# 17956/P1548/005448 - Boost Pressure Controle Valve (N75): Open Circuit



## SteveCJr (Aug 3, 2008)

Not sure why I didn't scan the car sooner. I guess I just assumed it was a leak causing my poor boost. The code is showing as intermittent. I cleared it and drove around the block and it didn't show up after a re-scan.

Now my question is, is there any way to test the value to see if it's good and not the connector or wires? Or will i have to just by a new one and cross my fingers?


----------



## Doooglasss (Aug 28, 2009)

You could do a few things I guess.

To test the wires you can pull the N75 connector and ECU connector and test the wires continuity using an ohm meter. 

Green/brown N75 wire > ECU pin 104 (direct)

Yellow/black N75 wire is shared and connects to the fuel pump relay (terminal 87F inside the car), if this wire had an issue a couple of valves in your car would have issues including N249, N205. So since you don't have codes for those you can skip it I bet. If you do want to test it a source is pin 6 on the 14 pin connector behind the battery box.

Or you can do a simple vagcom log of the N75 duty cycle on a 3rd gear pull and post the results up.


----------



## SteveCJr (Aug 3, 2008)

Which block do you recommend logging? I don't tinker around in vag-com all that often except to check codes.


----------



## SteveCJr (Aug 3, 2008)

After playing around for a little bit with vag-com and logging block 118, the N75 does seem to be working fine and the code has yet to return. I probably got the code when installing my intake or something and unplugged it for a second.
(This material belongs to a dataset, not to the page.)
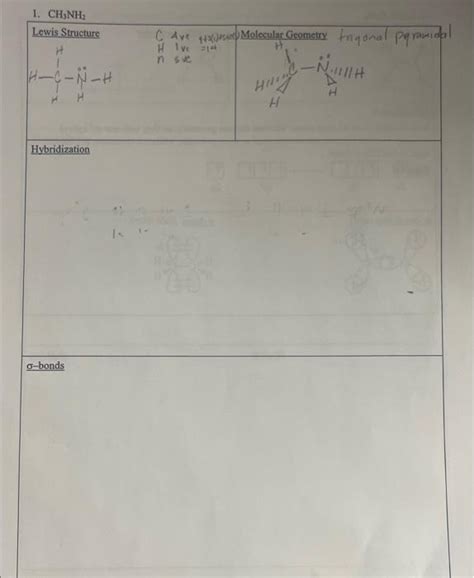 Solved 1. CH3NH2 Hybridization 1. 1− a-bonds | Chegg.com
But my boost issue still remains. Shop will be looking at it Monday and I sure hope they can find something that would cause this massive boost lose. It now sits a 4 psi.:banghead: 

Reading around, I've started to wonder if something may be up with my wastegate. Does that sound at all possible? Over the last month I've been progressively loosing boost pressure. Loosing about 4 psi a week.


----------